_How to complete this task_
Leave the images aside and output every entry exactly.

··· Recorded data

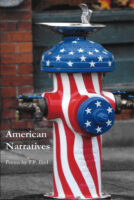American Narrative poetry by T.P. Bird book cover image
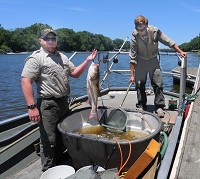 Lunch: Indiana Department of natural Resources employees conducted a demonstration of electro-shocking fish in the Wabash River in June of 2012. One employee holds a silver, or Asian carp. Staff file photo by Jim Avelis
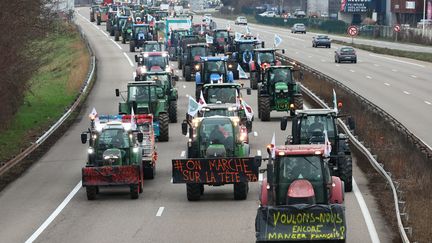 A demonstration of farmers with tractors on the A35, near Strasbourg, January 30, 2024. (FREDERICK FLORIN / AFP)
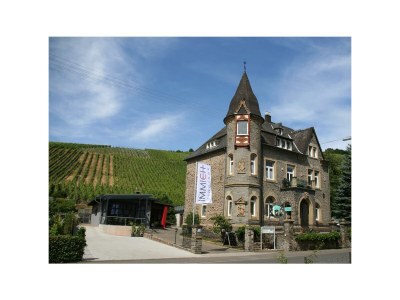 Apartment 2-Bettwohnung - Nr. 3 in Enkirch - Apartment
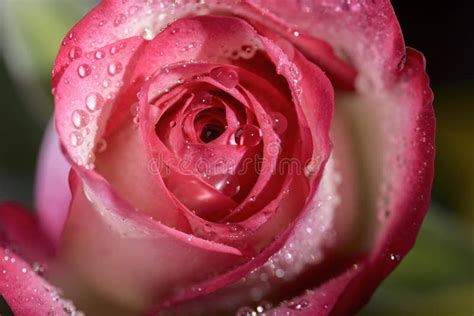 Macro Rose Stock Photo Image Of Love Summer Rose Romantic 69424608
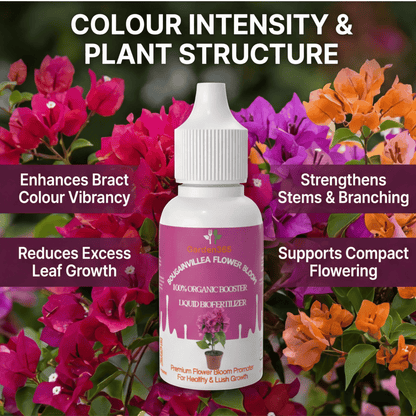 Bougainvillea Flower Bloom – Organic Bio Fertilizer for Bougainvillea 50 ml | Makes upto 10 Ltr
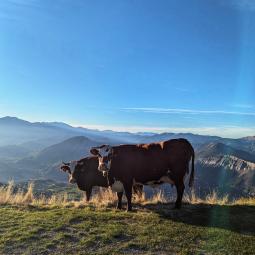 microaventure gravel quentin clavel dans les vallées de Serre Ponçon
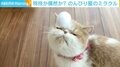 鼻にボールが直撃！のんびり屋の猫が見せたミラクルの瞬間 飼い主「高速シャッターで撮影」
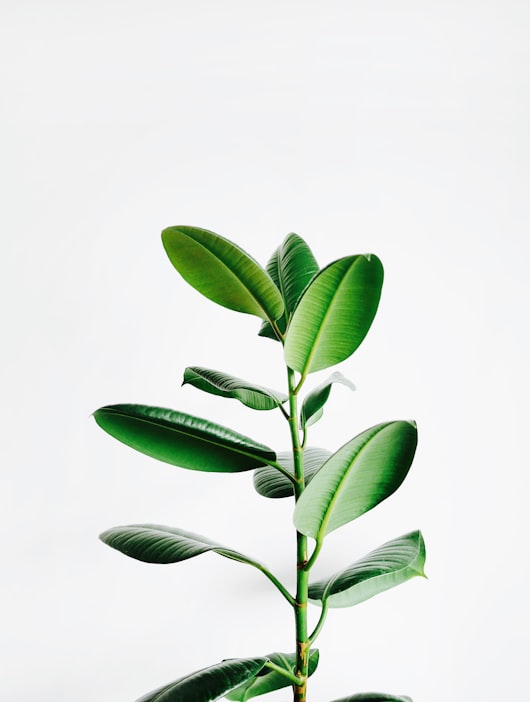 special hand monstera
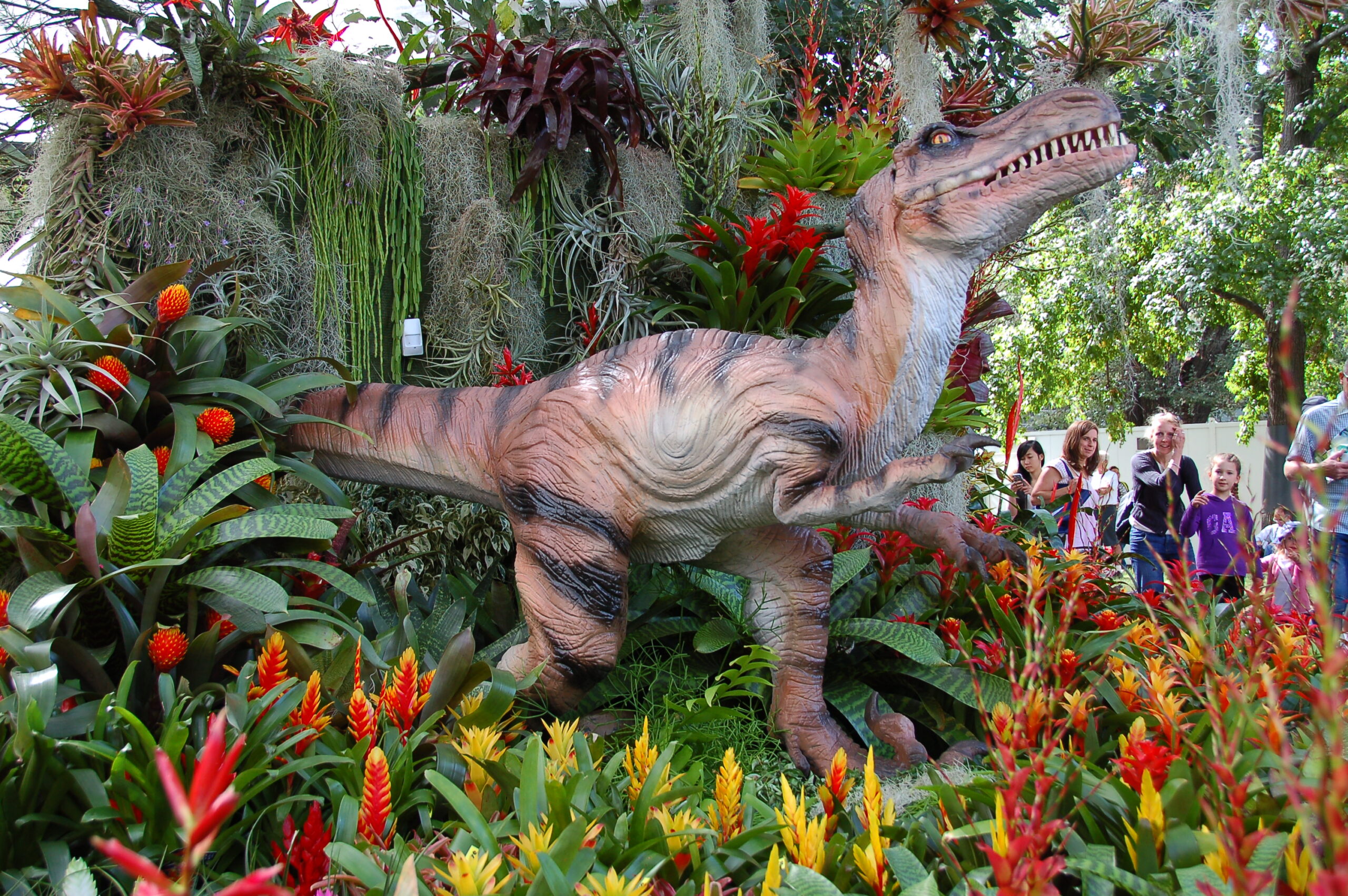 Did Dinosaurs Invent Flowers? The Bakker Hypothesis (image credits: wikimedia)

······

_Answer box_
American Narrative poetry by T.P. Bird book cover image
 Lunch: Indiana Department of natural Resources employees conducted a demonstration of electro-shocking fish in the Wabash River in June of 2012. One employee holds a silver, or Asian carp. Staff file photo by Jim Avelis
 A demonstration of farmers with tractors on the A35, near Strasbourg, January 30, 2024. (FREDERICK FLORIN / AFP)
 Apartment 2-Bettwohnung - Nr. 3 in Enkirch - Apartment
 Macro Rose Stock Photo Image Of Love Summer Rose Romantic 69424608
 Bougainvillea Flower Bloom – Organic Bio Fertilizer for Bougainvillea 50 ml | Makes upto 10 Ltr
 microaventure gravel quentin clavel dans les vallées de Serre Ponçon
 鼻にボールが直撃！のんびり屋の猫が見せたミラクルの瞬間 飼い主「高速シャッターで撮影」
 special hand monstera
 Did Dinosaurs Invent Flowers? The Bakker Hypothesis (image credits: wikimedia)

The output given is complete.